# Whitehead Flush Trim bit



## leeajones (Apr 9, 2013)

I'm looking at buying a Flush Trim bit from Whitehead. I'm not sure which one would work best for me. The Combination style UDC9112 or the Flush Trim UDFT9112.

I don't have a router table at this time and want to know which one I'll get the most use out of in the long term. I intend to get a router table sometime in the future. Any help would be appreciated!

Lee


----------



## Cherryville Chuck (Sep 28, 2010)

Welcome to the forum Lee. What do you plan on doing with it?


----------



## jw2170 (Jan 24, 2008)

Welcome to the forum, Lee.

Do you have a special project in mind?

I get most use out of a CMT cutter with 2" cutting length.

806 Flush Trim Bits : CARBA-TEC


----------



## old55 (Aug 11, 2013)

Welcome to the forum Lee.


----------



## Semipro (Mar 22, 2013)

Hello Lee, welcome to the forum


----------



## leeajones (Apr 9, 2013)

Cherryville Chuck said:


> Welcome to the forum Lee. What do you plan on doing with it?


Since I'm so new at this work. I will be using it trim edging on plywood.

Lee


----------



## leeajones (Apr 9, 2013)

Cherryville Chuck said:


> Welcome to the forum Lee. What do you plan on doing with it?

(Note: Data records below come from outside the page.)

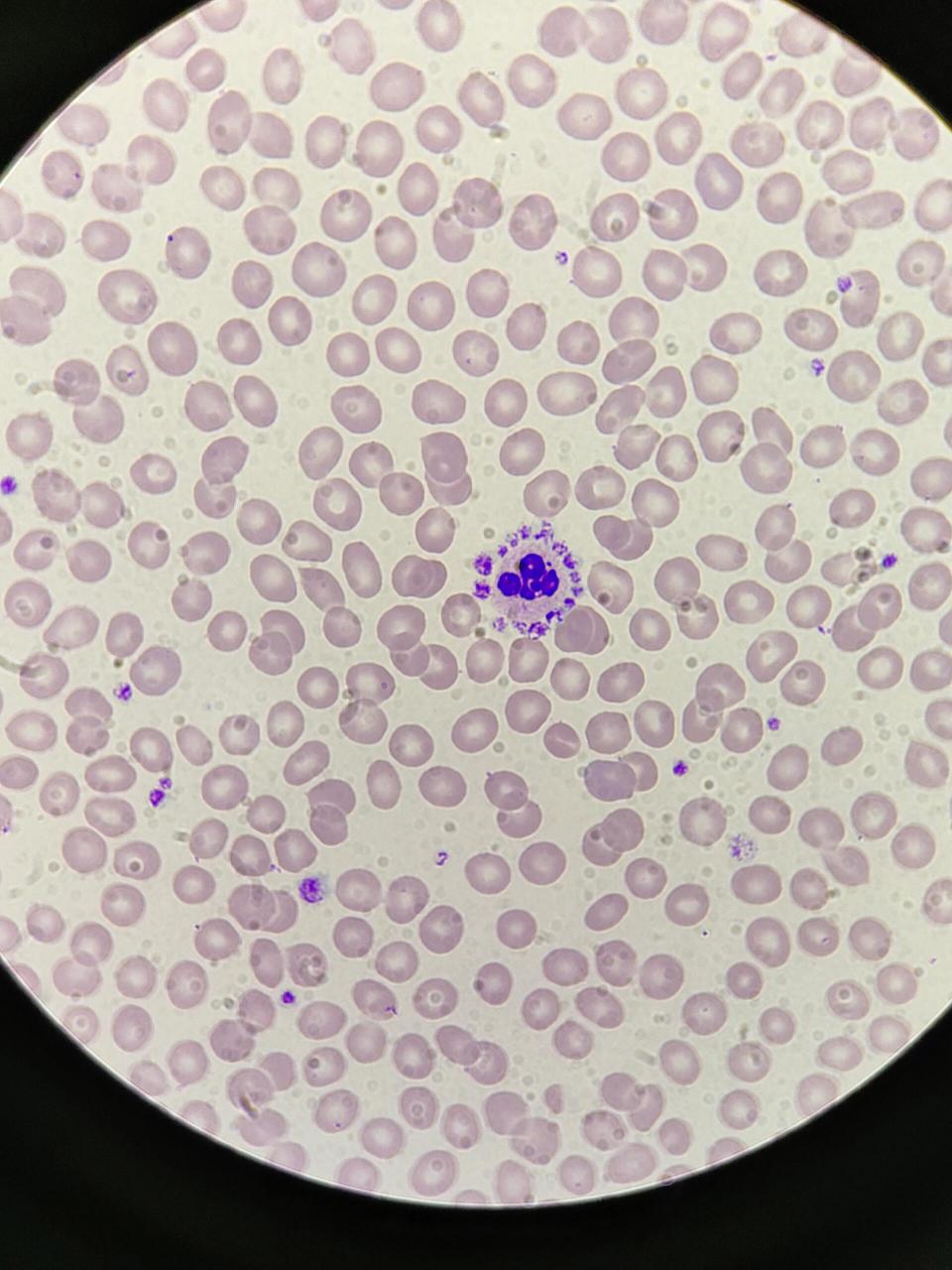 血小板卫星现象959595 97血小板卫星现象:血小板黏附,围绕于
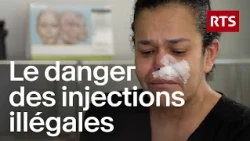 Acide hyaluronique : le business clandestin qui défigure des patientes | RTS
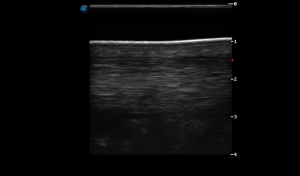 Metacarpal Region 3B (Longitudinal)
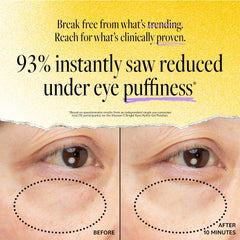 Derma E allantoin hydrating under-eye patches soothe and moisturize delicate skin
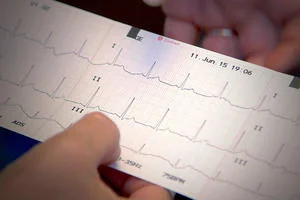 ECG Assessment: an Introduction for Healthcare Providers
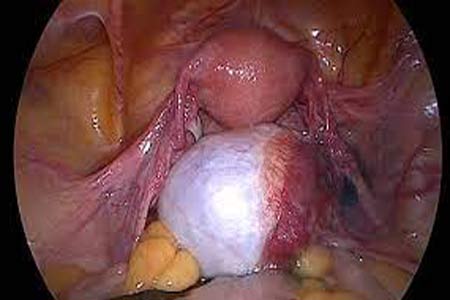 ovarian cyst removal surgery before and after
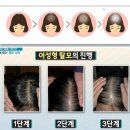 아이리스가발 파주점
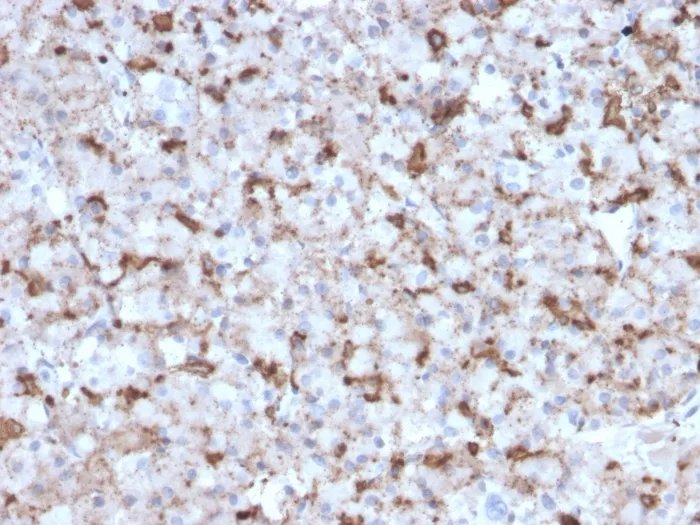 Anti-Prolactin (Pituitary Tumor Marker)(PRL/2643) - image 1
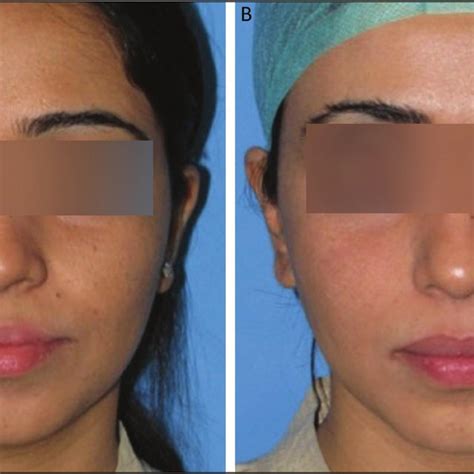 A Pre Procedural Image Showing Prominent Malar And Jowl Fat Pads B
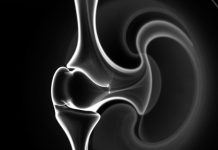 МРТ коленного сустава: что важно знать, чтобы понять результаты и не бояться исследования МРТ коленного сустава: что важно знать, чтобы понять результаты и не бояться исследования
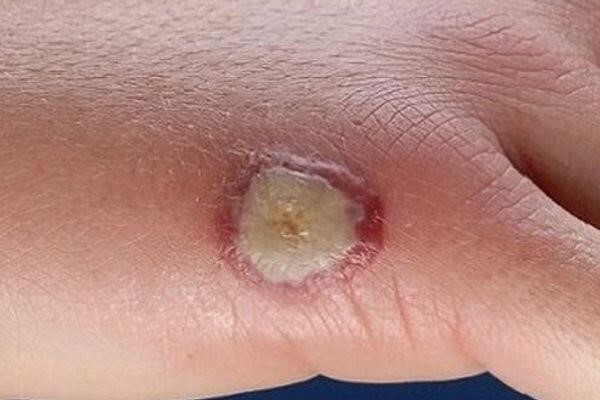 Làm thế nào để xử lý khi vết thương sưng mủ đau đớn?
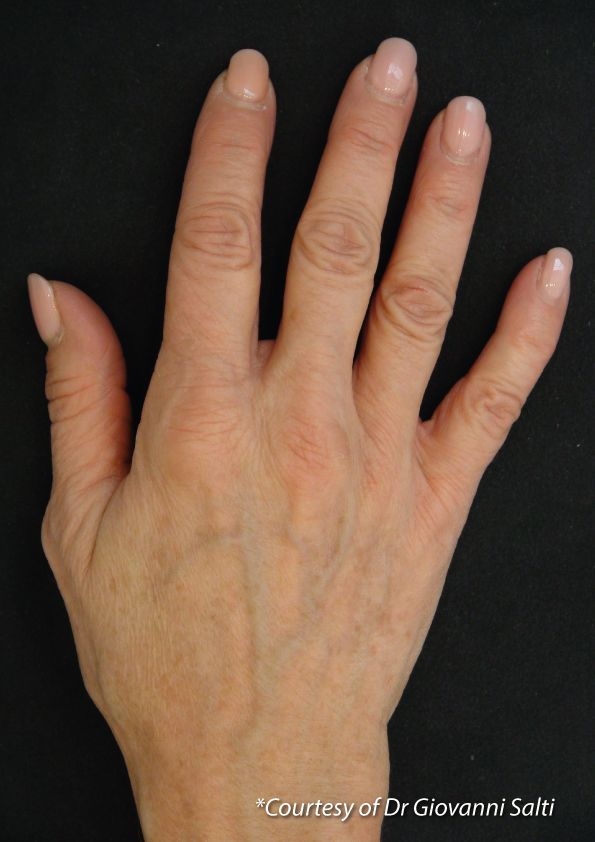 Profhilo Hand After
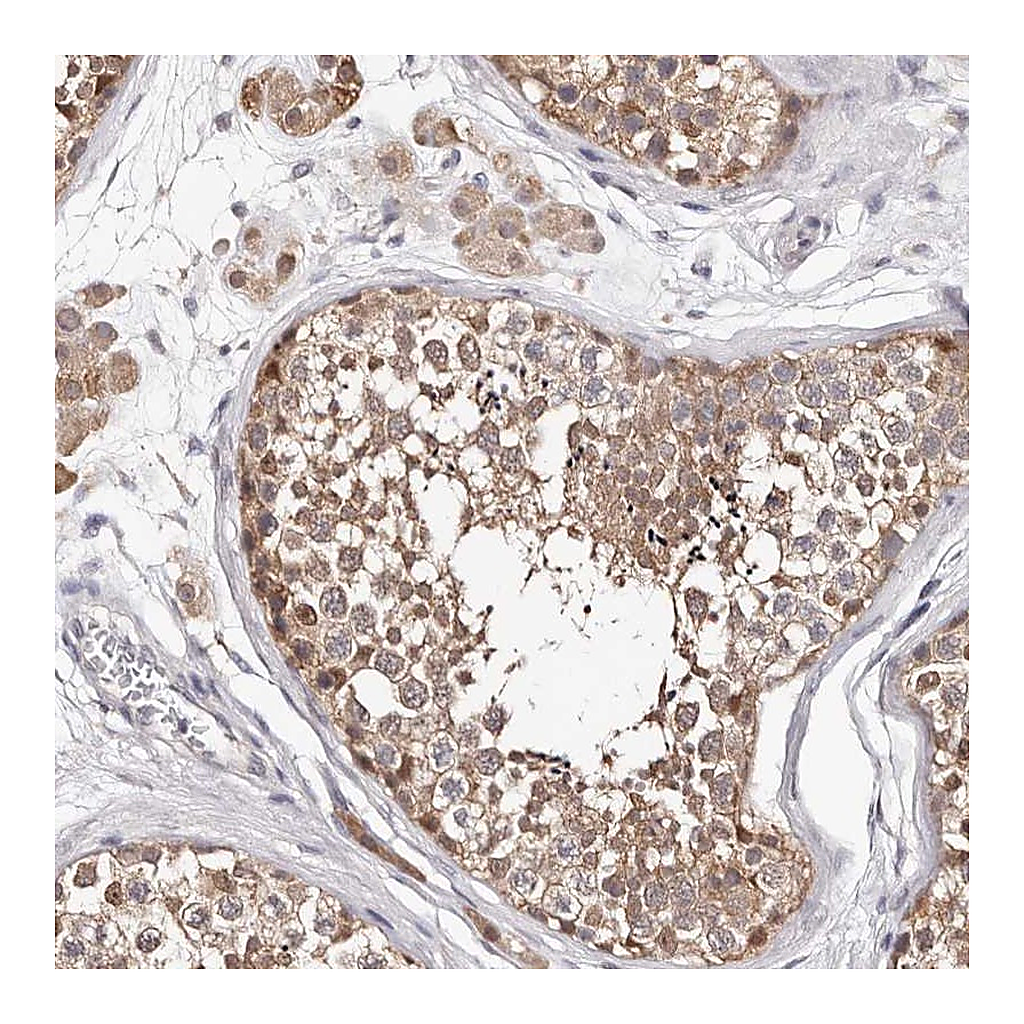 Atlas Antibodies Anti-TYW3 Antibody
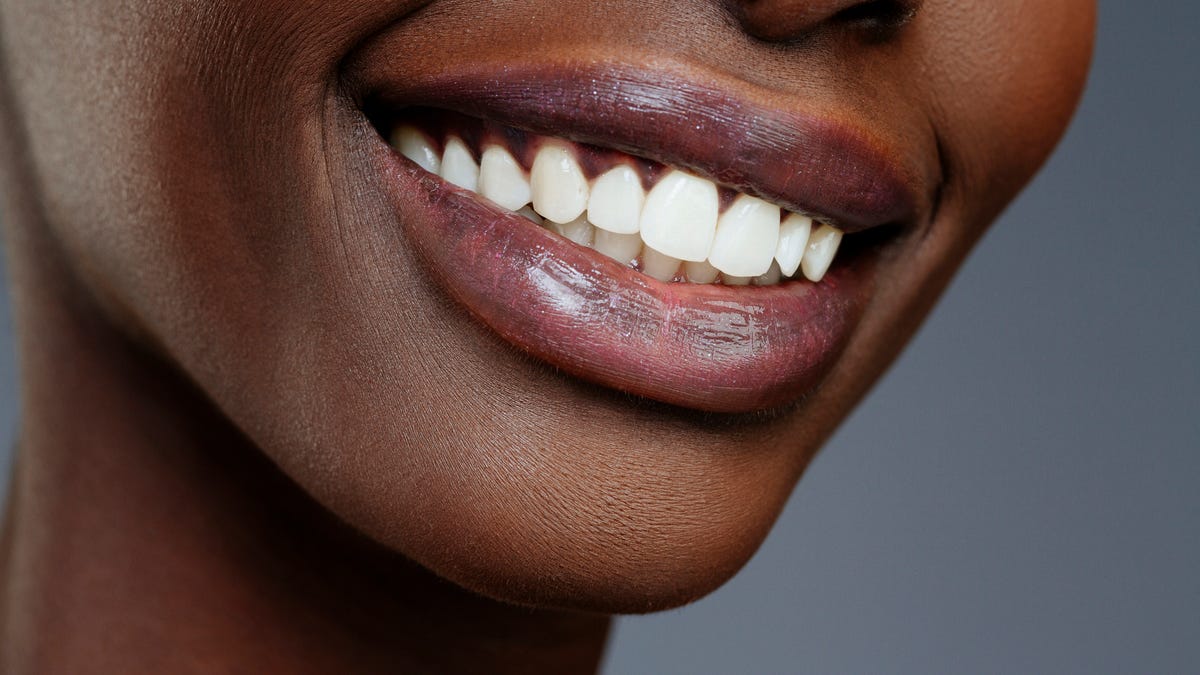 The best bleaching paste for 2025, according to dentists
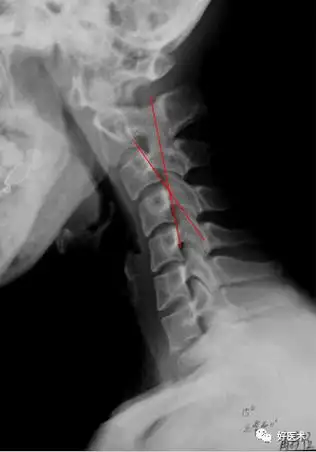 颈椎病解剖,经典影像改变,看这一篇就够了!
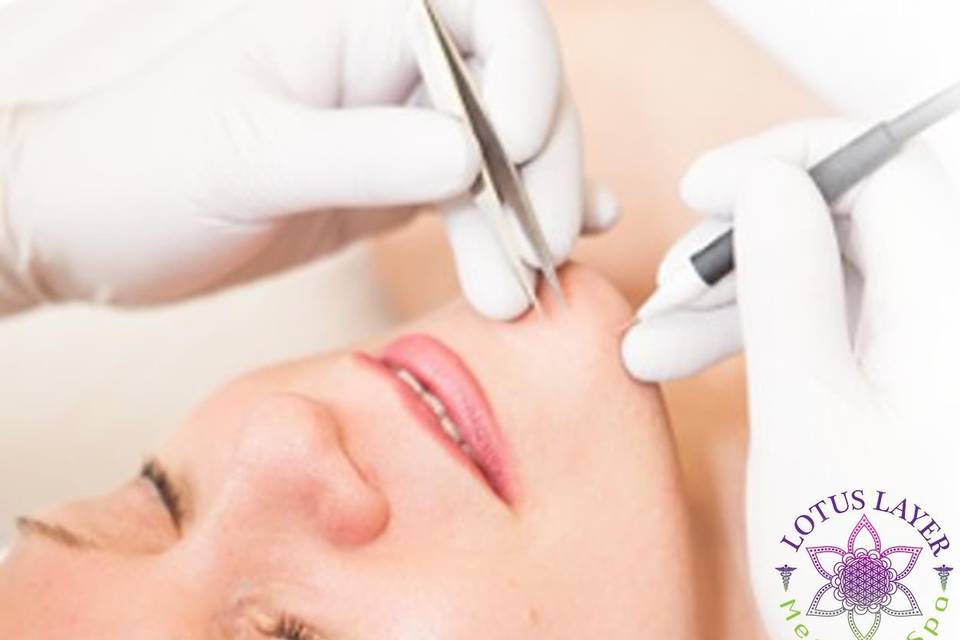 Do you suffer from embarrassing facial hair? Have you tried laser and still have hair? Are your hairs grey, blonde, white, or red? If you've answered yes to any of these questions, you may be a candidate for electrolysis, the only fda-approved procedure for permanent hair removal.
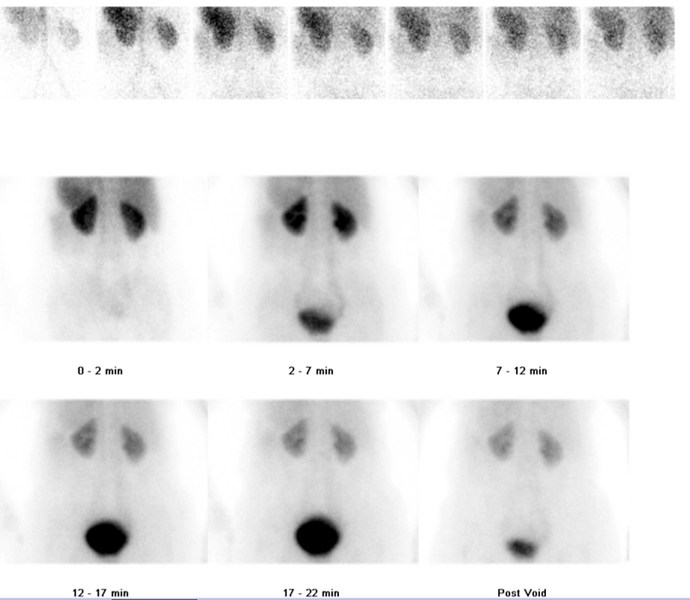File:Normal dynamic renal scintigraphy (Radiopaedia 91103-108671 A 1).png
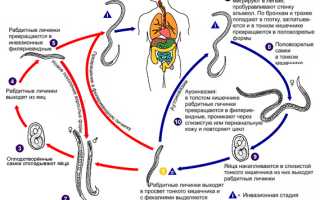 Причины стронгилоидоза, заражение и жизненный цикл строингилоидов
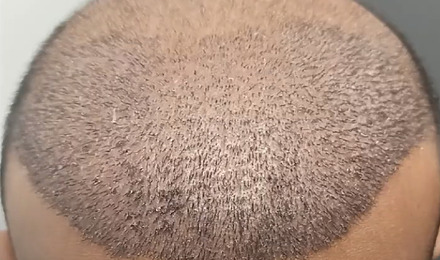 Scalp 10 Days After Hair Transplant Featured Image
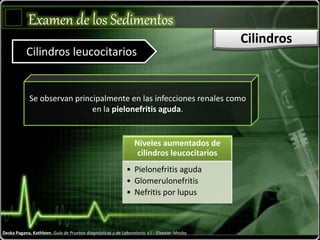 Examen de los Sedimentos
Cilindros
Cilindros leucocitarios
Deska Pagana, Kathleen. Guía de Pruebas diagnósticas y de Laboratorio. s.l. : Elsevier-Mosby.
Se observan principalmente en las infecciones renales como
en la pielonefritis aguda.
Niveles aumentados de
cilindros leucocitarios
• Pielonefritis aguda
• Glomerulonefritis
• Nefritis por lupus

Since I'm so new at this work. I will be using it trim edging on plywood.

Lee


----------



## DaninVan (Jan 1, 2012)

Lee; welcome, if I haven't already said so (and even if I had, you're still welcome  )
If you don't mind investing in a few tools, you might consider buying a small trim router. Perfect for doing this particular job! Keep in mind however that they're 1/4" shanks collets, not 1/2".
The Bosch Colt gets a lot of praise from members here. I've had an old Ryobi for probably 30 years...still going strong.


----------



## Cherryville Chuck (Sep 28, 2010)

If you going to use a flush trim bit to clean up solid wood edging on plywood you'll need to clamp a straight edge onto the plywood for the bearing on the bit to follow. You use a spiral trim bit the same way. An up spiral will leave a clean bottom edge and a down spiral will leave a clean top edge. Bearing guided spirals are pretty pricey usually around $75 or more on Amazon. If you plan on relieving the edges after with a little hand sanding(highly recommended) then you don't have to have them. You can also use a straight bit (cheapest option) with a guide bushing and a straight edge but the straight edge has to be set back from the plywood to make up for the distance between the bit and the O. D. of the guide bushing. You could also use the edge guide that comes with some routers or is an available option also but I would only use that with a straight edge that is longer than your plywood edge as their can be problems with digging in at the beginning and end of the cuts otherwise. 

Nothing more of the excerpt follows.